Task details =
From the listing below, copy only the lines from the line that contains "Piknometer Pyrex 10ml" to the line that contains "Dress - Blue", counting those two lines as part of the copy.
********************
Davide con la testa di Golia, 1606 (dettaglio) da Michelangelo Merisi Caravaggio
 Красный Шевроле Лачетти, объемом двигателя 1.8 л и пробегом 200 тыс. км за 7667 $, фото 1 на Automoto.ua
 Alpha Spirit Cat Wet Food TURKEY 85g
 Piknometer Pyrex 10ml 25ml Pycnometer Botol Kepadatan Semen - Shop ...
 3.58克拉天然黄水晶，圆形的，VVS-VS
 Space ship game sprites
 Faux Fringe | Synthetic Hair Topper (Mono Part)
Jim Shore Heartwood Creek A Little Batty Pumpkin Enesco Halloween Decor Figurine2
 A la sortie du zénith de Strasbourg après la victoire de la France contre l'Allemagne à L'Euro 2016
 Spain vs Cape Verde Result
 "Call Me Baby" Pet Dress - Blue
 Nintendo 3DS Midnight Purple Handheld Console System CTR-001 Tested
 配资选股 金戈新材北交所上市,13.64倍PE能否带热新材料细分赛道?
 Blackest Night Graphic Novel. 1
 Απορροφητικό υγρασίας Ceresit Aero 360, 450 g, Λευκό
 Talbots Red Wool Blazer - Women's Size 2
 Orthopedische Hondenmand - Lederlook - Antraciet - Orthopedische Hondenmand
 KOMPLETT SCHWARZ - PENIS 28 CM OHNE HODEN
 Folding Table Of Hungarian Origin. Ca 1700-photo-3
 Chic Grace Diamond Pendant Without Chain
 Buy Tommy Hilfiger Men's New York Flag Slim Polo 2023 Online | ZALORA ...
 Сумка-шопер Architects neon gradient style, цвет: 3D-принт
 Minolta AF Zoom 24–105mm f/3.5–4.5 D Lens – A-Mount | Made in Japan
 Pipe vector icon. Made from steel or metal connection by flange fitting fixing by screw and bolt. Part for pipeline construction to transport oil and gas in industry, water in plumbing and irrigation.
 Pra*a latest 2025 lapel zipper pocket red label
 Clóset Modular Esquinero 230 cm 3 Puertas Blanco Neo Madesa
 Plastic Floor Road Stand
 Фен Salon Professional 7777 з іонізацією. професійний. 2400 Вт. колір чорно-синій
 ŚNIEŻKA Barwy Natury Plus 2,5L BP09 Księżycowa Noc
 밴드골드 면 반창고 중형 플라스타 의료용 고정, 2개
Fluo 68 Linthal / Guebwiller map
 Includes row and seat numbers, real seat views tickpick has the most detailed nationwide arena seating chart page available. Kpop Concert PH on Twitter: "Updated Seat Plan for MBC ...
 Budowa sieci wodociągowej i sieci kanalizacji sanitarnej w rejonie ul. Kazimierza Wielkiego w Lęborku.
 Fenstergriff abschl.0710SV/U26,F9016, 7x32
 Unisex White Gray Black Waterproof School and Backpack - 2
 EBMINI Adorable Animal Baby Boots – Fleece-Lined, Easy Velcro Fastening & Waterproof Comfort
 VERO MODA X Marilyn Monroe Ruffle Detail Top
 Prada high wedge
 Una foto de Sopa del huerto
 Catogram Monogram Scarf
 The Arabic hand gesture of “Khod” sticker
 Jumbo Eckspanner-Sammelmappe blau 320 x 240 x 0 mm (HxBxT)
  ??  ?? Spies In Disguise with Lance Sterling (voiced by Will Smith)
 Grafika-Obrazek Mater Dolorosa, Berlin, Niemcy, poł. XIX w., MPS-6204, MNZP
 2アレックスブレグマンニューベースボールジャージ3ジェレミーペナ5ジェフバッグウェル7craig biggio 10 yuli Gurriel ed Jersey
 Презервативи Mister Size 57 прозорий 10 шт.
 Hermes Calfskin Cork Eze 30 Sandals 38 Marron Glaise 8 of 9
********************
Worked solution =
 Piknometer Pyrex 10ml 25ml Pycnometer Botol Kepadatan Semen - Shop ...
 3.58克拉天然黄水晶，圆形的，VVS-VS
 Space ship game sprites
 Faux Fringe | Synthetic Hair Topper (Mono Part)
Jim Shore Heartwood Creek A Little Batty Pumpkin Enesco Halloween Decor Figurine2
 A la sortie du zénith de Strasbourg après la victoire de la France contre l'Allemagne à L'Euro 2016
 Spain vs Cape Verde Result
 "Call Me Baby" Pet Dress - Blue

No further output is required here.